Huh? Is this the same Whitman campaign that promised to balance the budget without raising taxes and without cutting education?


Gov. Arnold Schwarzenegger -- another Murphy client -- made those same promises when he ran for office, and he turned out to be wrong on both counts. So you can decide for yourself whether Whitman's prescription was tough medicine or snake oil.

She was tough on state employees -- at least, the non-public safety employees -- vowing to cut 40,000 state jobs and $15 billion from the state budget, while transferring state workers to 401(k) plans. But she never specified what services people would have to give up. Besides, if bashing public employees were a losing strategy, then Schwarzenegger wouldn't have been re-elected.

Most of the post-mortems chalk up Whitman's defeat to a combination of her inability to connect with voters, her housekeeper, and her excessive spending. The first two issues might not have been entirely within the campaign's control -- though they could have been handled better -- but the third one was.

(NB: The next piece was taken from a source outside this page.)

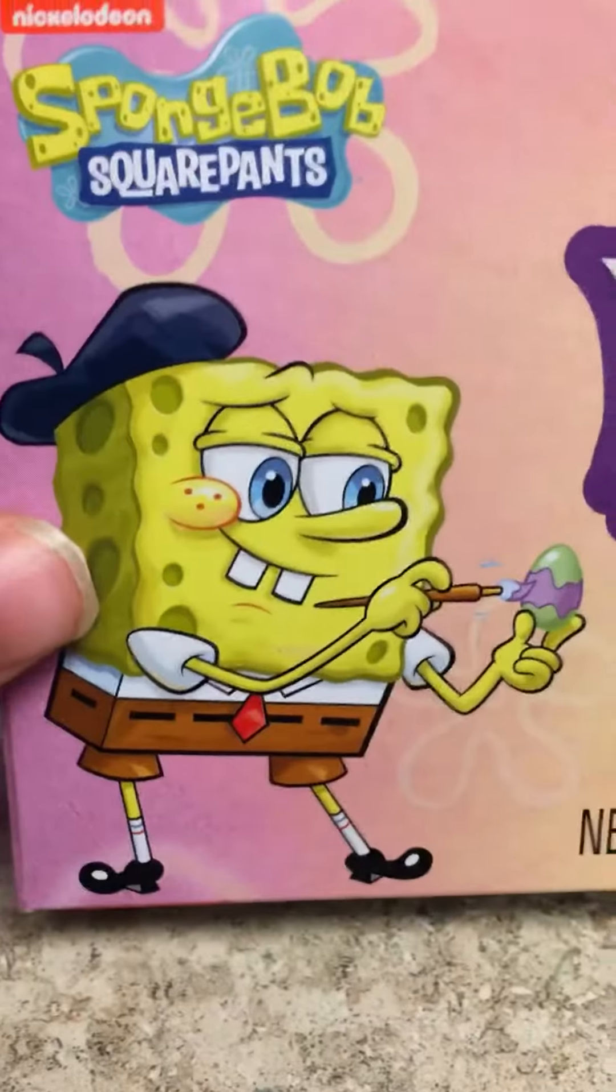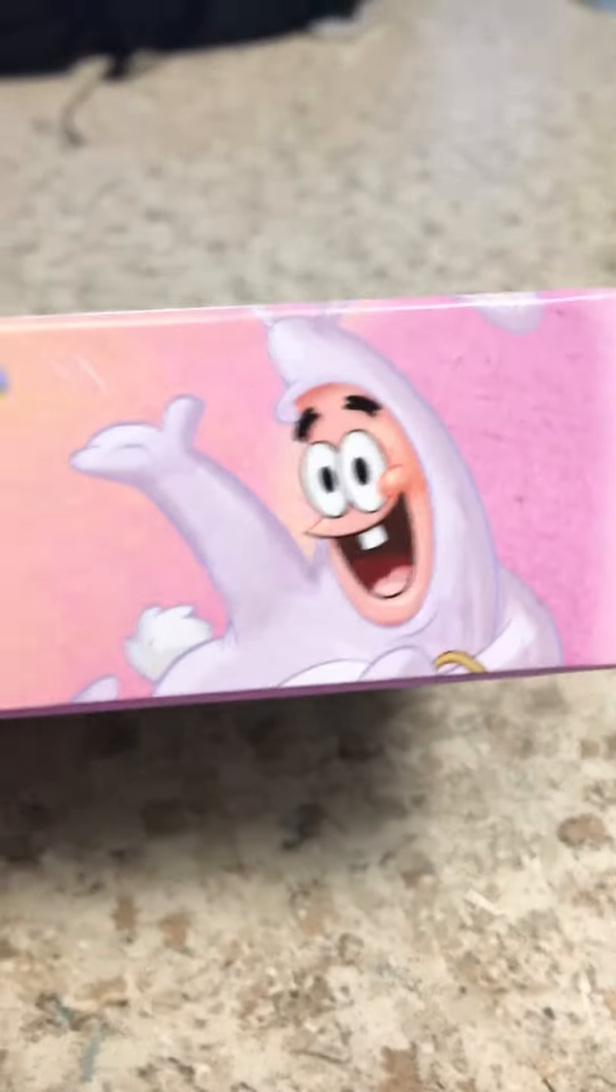Yummy Krabby Patties, yummy candy. Here's the picture. I think it's cute because there's custom art. There's SpongeBob painting an Easter egg, and there's Easter Patrick, Easter Bunny Patrick, eating them.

On that point, Murphy said that in California, Republicans are in a no-win situation:

It's a Hobson's choice for Republicans in California because the big unions in the last couple of years have spent $300 million on politics. So you either can't raise enough money to compete and they swamp you--because the public employee unions run California politics, they paid for Jerry Brown's campaign--or you spend your own money. But if you're a self-funder, the press wants to make that money the issue.
There is another option, though, and that would be to spend $50 million rather than $160 million, thereby avoiding the label of "biggest self-funding candidate in history."